» **What is being asked**
Please copy the lines below exactly, from the first one through the line showing "5 Stück/Los Natursteine".

*** Supplied data

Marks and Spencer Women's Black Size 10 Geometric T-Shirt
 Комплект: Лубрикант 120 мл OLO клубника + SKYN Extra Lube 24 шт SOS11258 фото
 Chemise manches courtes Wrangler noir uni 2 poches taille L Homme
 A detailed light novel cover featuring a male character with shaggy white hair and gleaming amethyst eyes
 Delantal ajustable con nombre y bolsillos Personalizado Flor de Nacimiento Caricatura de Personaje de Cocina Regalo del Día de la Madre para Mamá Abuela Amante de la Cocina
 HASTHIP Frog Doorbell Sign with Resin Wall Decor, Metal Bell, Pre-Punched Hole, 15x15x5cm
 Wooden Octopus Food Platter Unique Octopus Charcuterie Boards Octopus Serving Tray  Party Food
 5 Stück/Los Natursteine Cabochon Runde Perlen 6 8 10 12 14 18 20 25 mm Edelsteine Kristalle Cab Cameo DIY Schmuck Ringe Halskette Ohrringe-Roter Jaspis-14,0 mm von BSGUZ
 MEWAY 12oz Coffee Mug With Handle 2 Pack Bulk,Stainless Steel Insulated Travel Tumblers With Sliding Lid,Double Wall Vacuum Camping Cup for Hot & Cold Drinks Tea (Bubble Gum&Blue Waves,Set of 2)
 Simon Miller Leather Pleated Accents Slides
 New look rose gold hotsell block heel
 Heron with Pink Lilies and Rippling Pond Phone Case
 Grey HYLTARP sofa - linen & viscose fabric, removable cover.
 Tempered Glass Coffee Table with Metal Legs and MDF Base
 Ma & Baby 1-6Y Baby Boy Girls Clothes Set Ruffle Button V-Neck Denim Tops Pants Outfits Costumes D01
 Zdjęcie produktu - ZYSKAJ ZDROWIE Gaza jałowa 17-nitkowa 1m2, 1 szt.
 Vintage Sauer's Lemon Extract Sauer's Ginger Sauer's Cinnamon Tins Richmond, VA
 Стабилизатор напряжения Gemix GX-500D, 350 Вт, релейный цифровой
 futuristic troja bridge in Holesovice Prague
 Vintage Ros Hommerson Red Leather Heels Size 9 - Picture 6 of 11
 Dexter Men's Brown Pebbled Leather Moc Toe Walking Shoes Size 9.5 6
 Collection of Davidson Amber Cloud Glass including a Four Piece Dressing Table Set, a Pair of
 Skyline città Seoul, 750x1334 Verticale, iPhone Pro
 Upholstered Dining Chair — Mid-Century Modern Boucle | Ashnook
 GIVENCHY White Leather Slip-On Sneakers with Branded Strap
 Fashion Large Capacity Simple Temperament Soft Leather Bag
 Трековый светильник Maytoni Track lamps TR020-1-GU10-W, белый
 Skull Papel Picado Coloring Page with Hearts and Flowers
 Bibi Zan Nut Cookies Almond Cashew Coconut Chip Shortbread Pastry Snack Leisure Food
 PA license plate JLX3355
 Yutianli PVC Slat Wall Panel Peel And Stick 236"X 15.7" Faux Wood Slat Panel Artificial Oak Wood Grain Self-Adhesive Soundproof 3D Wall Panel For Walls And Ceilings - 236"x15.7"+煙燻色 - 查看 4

******

» **Expected answer**
Marks and Spencer Women's Black Size 10 Geometric T-Shirt
 Комплект: Лубрикант 120 мл OLO клубника + SKYN Extra Lube 24 шт SOS11258 фото
 Chemise manches courtes Wrangler noir uni 2 poches taille L Homme
 A detailed light novel cover featuring a male character with shaggy white hair and gleaming amethyst eyes
 Delantal ajustable con nombre y bolsillos Personalizado Flor de Nacimiento Caricatura de Personaje de Cocina Regalo del Día de la Madre para Mamá Abuela Amante de la Cocina
 HASTHIP Frog Doorbell Sign with Resin Wall Decor, Metal Bell, Pre-Punched Hole, 15x15x5cm
 Wooden Octopus Food Platter Unique Octopus Charcuterie Boards Octopus Serving Tray  Party Food
 5 Stück/Los Natursteine Cabochon Runde Perlen 6 8 10 12 14 18 20 25 mm Edelsteine Kristalle Cab Cameo DIY Schmuck Ringe Halskette Ohrringe-Roter Jaspis-14,0 mm von BSGUZ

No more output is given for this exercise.